There are even trickier aspects to this question. For example, what is the strategy of the guy telling you about his family? If he always mentions a boy first and not a daughter, we get one probability; if he talks about the sex of the first born child, we get a different probability. Your calculation makes a choice in this issue - you choose the version of "if the father has a boy and a girl, he'll mention the boy".

What I'm aiming to is this: the question is not well-defined mathematically. It has several possible interpretations, and as such the "problem" here is indeed of the language; or more correctly, the fact that a simple statement in English does not convey enough information to specify the precise model for the problem.

Let's look at a simplified version without days. The probability space for the make-up of the family is {BB, GB, BG, GG} (GB means "an older girl and a small boy", etc). We want to know what is $P(BB|A)$ where A is determined by the way we interpret the statement about the boys. Now let's look at different possible interpretations.

1) If there is a boy in the family, the statement will mention him. In this case A={BB,BG,GB} and so the probability is $1/3$.

2) If there is a girl in the family, the statement will mention her. In this case, since the statement talked about a boy, there are NO girls in the family. So A={BB} and so the probability is 1.

3) The statement talks about the sex of the firstborn. In this case A={BB,BG} and so the probability is $1/2$.

The bottom line: The statement about the family looks "constant" to us, but it must be looked as a function from the random state of the family - and there are several different possible functions, from which you must choose one otherwise no probabilistic analysis of the situation will make sense.

Answer 2

It is actually impossible to have a unique and unambiguous answer to the puzzle without explicitly articulating a probability model for how the information on gender and birthday is generated. The reason is that (1) for the problem to have a unique answer some random process is required, and (2) the answer is a function of which random model is used.

1. The problem assumes that a unique probability can be deduced as the answer.
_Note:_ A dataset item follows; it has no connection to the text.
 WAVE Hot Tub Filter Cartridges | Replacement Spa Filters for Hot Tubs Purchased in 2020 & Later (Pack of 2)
This requires that the set of children described is chosen by a random process, otherwise the number of boys is a deterministic quantity and the probability would be 0 or 1 but with no ability to determine which is the case. More generally one can consider random processes that produce the complete set of information referenced in the problem: choose a parent, then choose what to reveal about the number, gender, and birth days of its children.
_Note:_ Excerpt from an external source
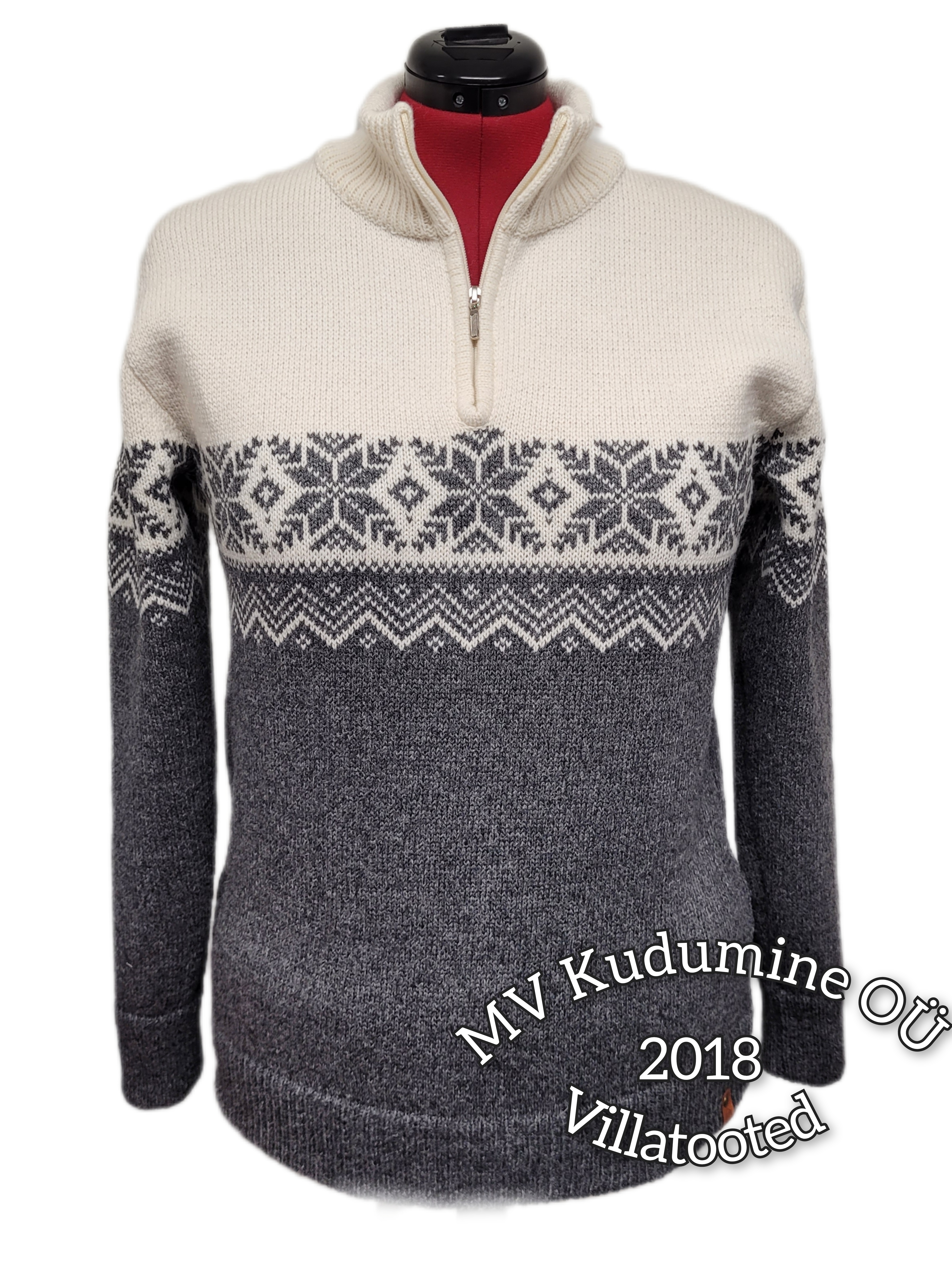 Knitted Men's Bottoming Shirt thumbnail 2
2. The answer depends on which random process is used. If the Tuesday birth is disclosed only when there are two boys, the probability of two boys is 1. If Tuesday birth is disclosed only when there is a sister, the probability of two boys is 0. The answer could be any number between 0 or 1 depending on what process is assumed to produce the data.

There is also a linguistic question of how to interpret "one is a boy born on Tuesday". It could mean that the number of Tuesday-born males is exactly one, or at least one child.

Answer 3

I guess the following two versions of framing the question yield two different probabilities:

1. Dave has two children. Is atleast one of them a boy who is born on Tuesday? Dave answers Yes.

2. Dave has two children. I ask him to first choose and fix one child at random, and tell me if it is a boy who was born on Tuesday. Dave answers yes he is a boy born on Tuesday.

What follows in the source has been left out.